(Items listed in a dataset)
--

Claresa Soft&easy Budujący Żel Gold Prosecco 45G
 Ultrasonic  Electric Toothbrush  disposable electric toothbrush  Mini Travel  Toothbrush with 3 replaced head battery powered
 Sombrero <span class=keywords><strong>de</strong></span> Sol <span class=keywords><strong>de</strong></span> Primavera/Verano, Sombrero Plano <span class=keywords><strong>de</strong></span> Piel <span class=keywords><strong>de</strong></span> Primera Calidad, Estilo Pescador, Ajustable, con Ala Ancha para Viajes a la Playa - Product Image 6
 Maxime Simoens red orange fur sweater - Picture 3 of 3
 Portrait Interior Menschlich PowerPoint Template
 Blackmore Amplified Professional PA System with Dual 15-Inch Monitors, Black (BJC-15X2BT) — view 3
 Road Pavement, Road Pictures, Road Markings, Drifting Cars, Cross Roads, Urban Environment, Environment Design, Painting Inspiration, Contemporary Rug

--

Aim of the exercise: Write out the lines of the records exactly, starting at the one holding "Portrait Interior Menschlich" and ending with the last line, and include no others.

Answer to the problem:
 Portrait Interior Menschlich PowerPoint Template
 Blackmore Amplified Professional PA System with Dual 15-Inch Monitors, Black (BJC-15X2BT) — view 3
 Road Pavement, Road Pictures, Road Markings, Drifting Cars, Cross Roads, Urban Environment, Environment Design, Painting Inspiration, Contemporary Rug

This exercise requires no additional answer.